Firstly, hemp in South Africa is defined as ‘cannabis plant material’ containing less than 0.2% THC. This is considered to be a low threshold for South Africa’s climate where cultivation has historically seen higher average levels of THC based on farmer engagements. This would make it difficult for producers to harvest compliant hemp crops and could result in significant quantities of a harvested crop not meeting regulatory approval for further use.
A 1% THC threshold similar to the Czech Republic and Switzerland has been proposed by the Cannabis Research Council of South Africa, and feedback from the Department of Agriculture seems to indicate that this may be implemented.
Secondly, the requirement for fencing around the earmarked cultivation areas adds significant set up costs that limits the ability of previously disadvantaged and cash strapped farmers to enter the industry.
This is particularly challenging as financing support for emerging hemp farmers is currently limited in South Africa. Thirdly, due to the fact that cannabis is still regulated under the Drug and Drug Trafficking Act, there are significant limitations to the development of hemp, including challenges with registering local hemp seeds.
All hemp seeds need to be imported. The lack of testing and data on the performance of these seeds across South Africa increases the risk of failed or suboptimal harvests. Lastly, the permits only allow for cultivation on a maximum of 50 hectares.
Due to hemp being a high volume, low margin crop, cultivation on such a limited space may make hemp extremely difficult in terms of commercial viability at this stage. The local hemp supply chain is also still in its infancy, with very few local industries having any knowledge on how to integrate hemp material into their businesses.
The Report says the lack of clarity around a domestic medical cannabis policy is also an inhibitor.
In South Africa, medical professionals are permitted to apply to SAHPRA to utilise unregistered medicines for patients. South Africa is estimated to have just under 1,000 registered patients to date.
It’s still unclear whether the Department of Health and SAHPRA intend to scale this scheme in a similar way to Australia, or whether the scheme is still intended for exceptional medical cases.
It’s the view of ACA Group and Prohibition Partners that South Africa’s cannabis industry growth potential is hampered by not allowing for broad access to the medical cannabis supplied by local cultivators. Countries such as; Germany, Australia and Israel have over 150,000 registered medical cannabis patients supporting the development of the sector, further improving their global competitiveness, R&D investment spending and international integration.
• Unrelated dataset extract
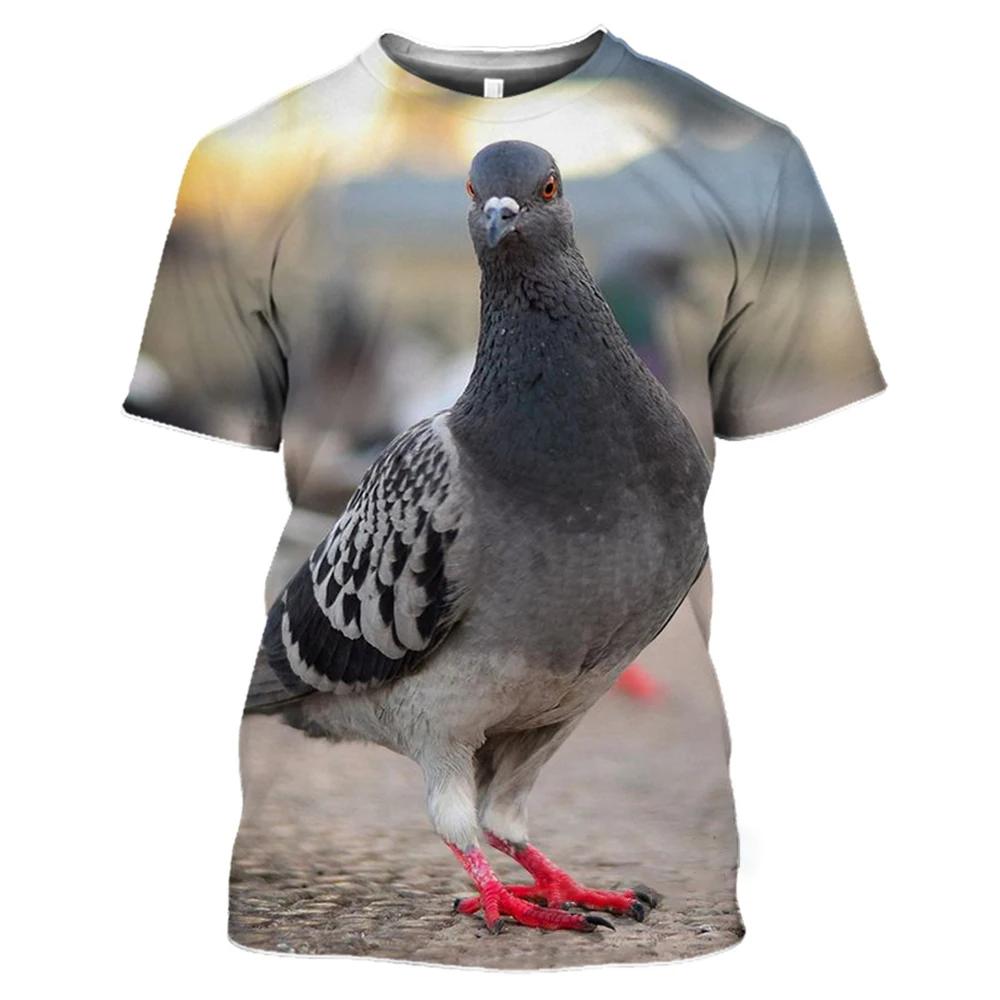 Wild Pigeon 3D Print Summer Men's O-Neck T-shirt Casual Short Sleeve OversizedPullover Fashion Streetwear Tee Tops Men Clothing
Due to the high price point of CBD products, CBD is currently bought by affluent consumers.
Furthermore, due to South Africa’s ailing economy, we expect premium CBD product sales to lag behind comparable international markets.
South Africa’s major retail pharmacy chains, Clicks and DisChem, both stock a number of CBD brands across most of their +700 retail stores. These include; Rethink, Releaf, Elixinol, africanpure and ADCO CBD.
The range of CBD brands being stocked by these retailers has reduced significantly over the last 18 months. At the beginning of 2020, approximately 15 brands were listed across these retailers, now between three to seven brands are listed on average.
As one stakeholder commented, “if only Government had the capacity just to get itself out of the way, that would be good, but it can’t even do that even though it knows it would be for its own benefit!”